The Batch is Back - Open Scheduled Task Engine - Features at a a Glance


Open Scheduled Task Engine (OSTE) is a service that enables solutions to defer execution of arbitrary activities which are executable through a single HTTP request.  OSTE allows for programmatic scheduling of activities at a point-in-time or at a recurrence pattern.  OSTE activities are segregated by company/activityType allowing for differing quality of service (QoS) requirements and audit, throttling, and isolation of activity execution.  OSTE activities can be defined to be retried n times.  On failure, an OSTE activity and failure details are stored and accessible via the OSTE management interface.  Failed activities can be re-enqueued (after the cause of failure has been resolved.)  Activities can be updated, for instance updating the target URI.  Activities are defined by an HTTP verb, URI pattern.  When instantiated, the URI pattern is filled with the objects properties and the object is PUT or POST'd (GET and DELETE do not provide for a message body.)
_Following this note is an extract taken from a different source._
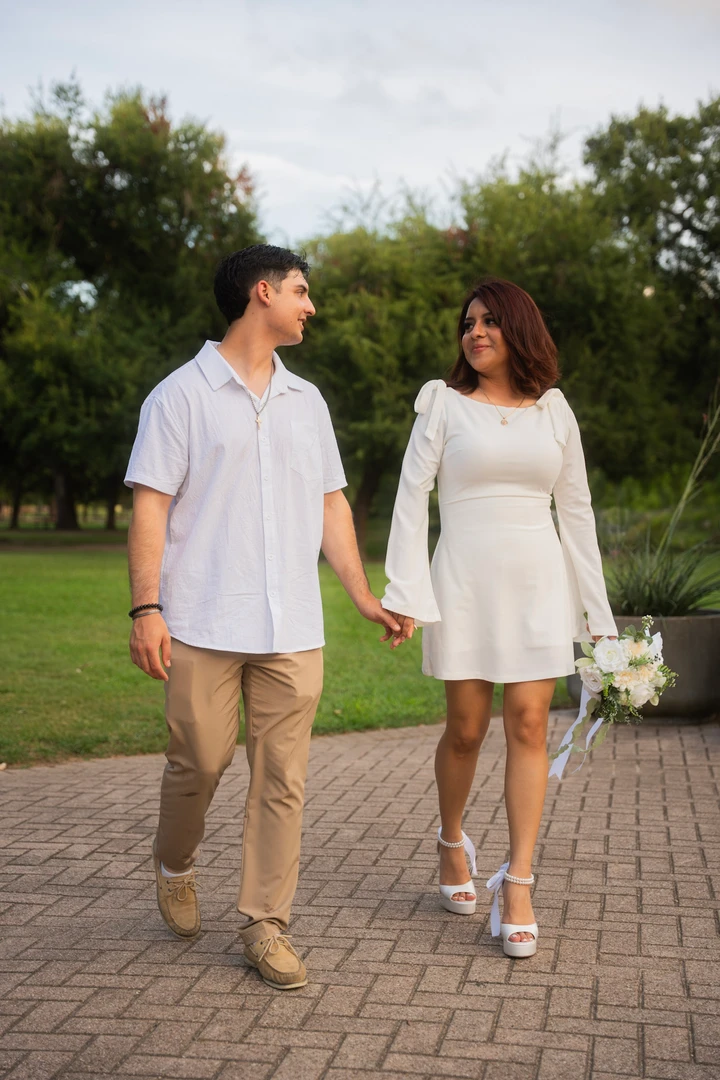 Engagement in the park — photograph 40.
The Batch is Back - Open Scheduled Task Engine - Background


Job Schedulers were the norm for enterprises internal and especially external long-running and business-critical processes.  Processes executed by job schedulers are also often termed batch processes and fell out of fashion when near-real time and real-time processing became possible due to web service exposed, queue-based services.
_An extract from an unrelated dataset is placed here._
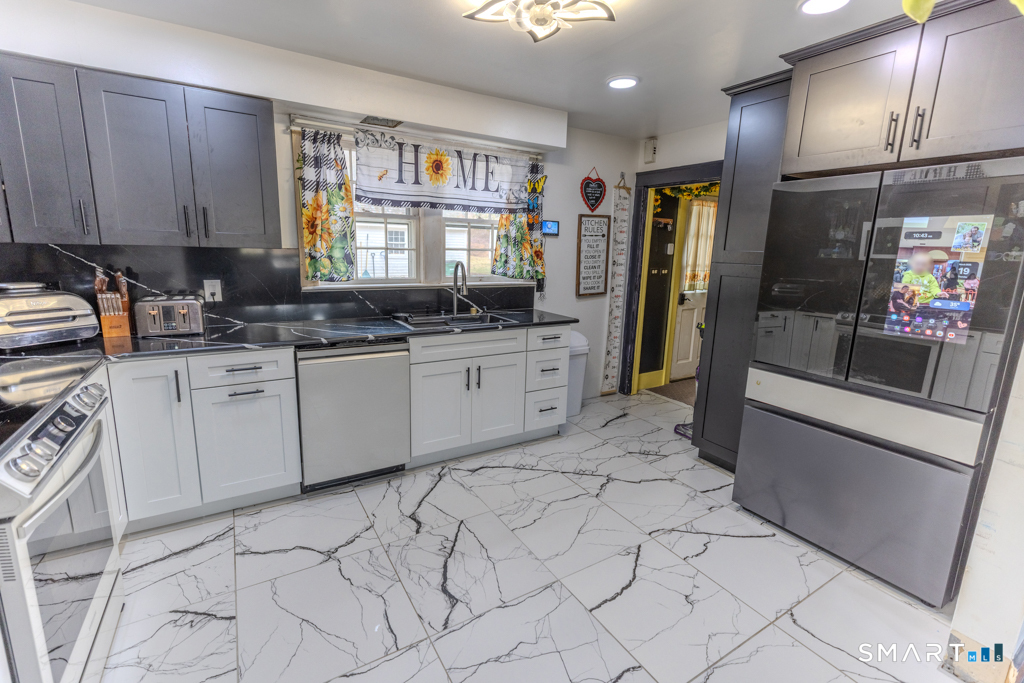 36 Music Vale Road Salem, CT 06420 - Photo 7 of 38 Top-of-the-line stainless Samsung appliances . . .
While real-time processing has succeeded in removing some use of job schedulers, all operating systems, most database management systems, and some middleware provide implementers job schedulers.  Job schedulers act, in this way, as a recurring triggering point for execution of activities when the driving force is the passage of time, not user-interaction.
Job schedulers provided by operating systems and database management systems are bound to a single machine so do not provide an apparent means to distribute execution across a set of machines.  Additionally, activity execution via traditional job schedulers is bound to the available commands of the execution environment, ie a Bash script via cron or SQL command via SQL Server's job scheduler.  Job schedulers also do not provide an apparent means to schedule point-in-time execution.  And job schedulers do not provide for programmatic scheduling, an API.
The Open Scheduled Task Engine extends the capabilities of traditional job schedulers, making distributed execution and point-in-time scheduling ostensible and available for programmatic access via a RESTful API.  The Open Scheduled Task Engine is open in that it does not execute processes; processes are distributed and executed by sending HTTP requests to services.